E se va male per le disuguaglianze di reddito, per la distribuzione della ricchezza va anche peggio. Alla fine del 2016, documenta ancora Bankitalia, il 30% più povero delle famiglie detiene l’1% di tutta la ricchezza nazionale, mentre il 30% più ricco delle famiglie ne assorbe il 75% (con il 40% di questa quota a sua volta in mano al solo 5% più ricco tra le famiglie già ricche).
Concludendo, il decennio tra il 2006 e il 2016 è stato all’insegna della disuguaglianza, con le giovani generazioni come massime perdenti: in questo lasso di tempo la povertà finanziaria è infatti scesa dal 39 al 35% per i nuclei con capofamiglia over65, mentre è aumentata dal 40 al 57% per gli over40. Non si tratta di un caso, ma di scelte politiche l’intero Paese è chiamato a pagare: senza l’apporto delle generazioni più giovani, è ovvio, il motore economico d’Italia è infatti destinato ad arenarsi.

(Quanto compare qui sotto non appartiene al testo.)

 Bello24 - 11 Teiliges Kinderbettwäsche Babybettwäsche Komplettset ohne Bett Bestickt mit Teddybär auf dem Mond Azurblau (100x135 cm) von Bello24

I giovani sono “solo” quelli in prima fila. Non a caso il focus Censis-Confcooperative Millennials, lavoro povero e pensioni: quale futuro?, presentato oggi, parla di «bomba sociale che va disinnescata». Assistiamo a una discriminazione tra generazioni – spiega il focus partendo dal dato delle pensioni – Già oggi, il confronto fra la pensione di un padre e quella prevedibile del proprio figlio segnala una decisa divaricazione del 14,6%. Ma questo «nella migliore delle ipotesi. Rischia di andare molto peggio a 5,7 milioni di persone. Infatti sono oltre 3 milioni i Neet (18-35 anni)», cui si aggiungono «2,7 milioni di lavoratori, tra working poor e occupati impegnati in “lavori gabbia” confinati in attività non qualificate dalle quali, una volta entrati, è difficile uscire e che obbligano a una bassa intensità lavorativa pregiudicando le loro aspettative di reddito e di crescita». Questo effetto di “sfrangiamento” del lavoro rispetto al passato è poi messo in evidenza «dalle tipologie di lavoro a “bassa qualità” e a “bassa intensità” che si stanno via via diffondendo. Sono, infatti, 171.000 i giovani sottoccupati, 656.000 quelli con contratto part-time involontario e 415.000 impegnati in attività non qualificate».
Oggi più che mai, di fronte a questi numeri, la crescita dell’economia non è più condizione necessaria e sufficiente per la ripresa italiana. Occorre ridistribuire, migliorando così al contempo la sostenibilità (in primis sociale) del Paese, e finora lo Stato italiano non si è dimostrato purtroppo all’altezza del compito.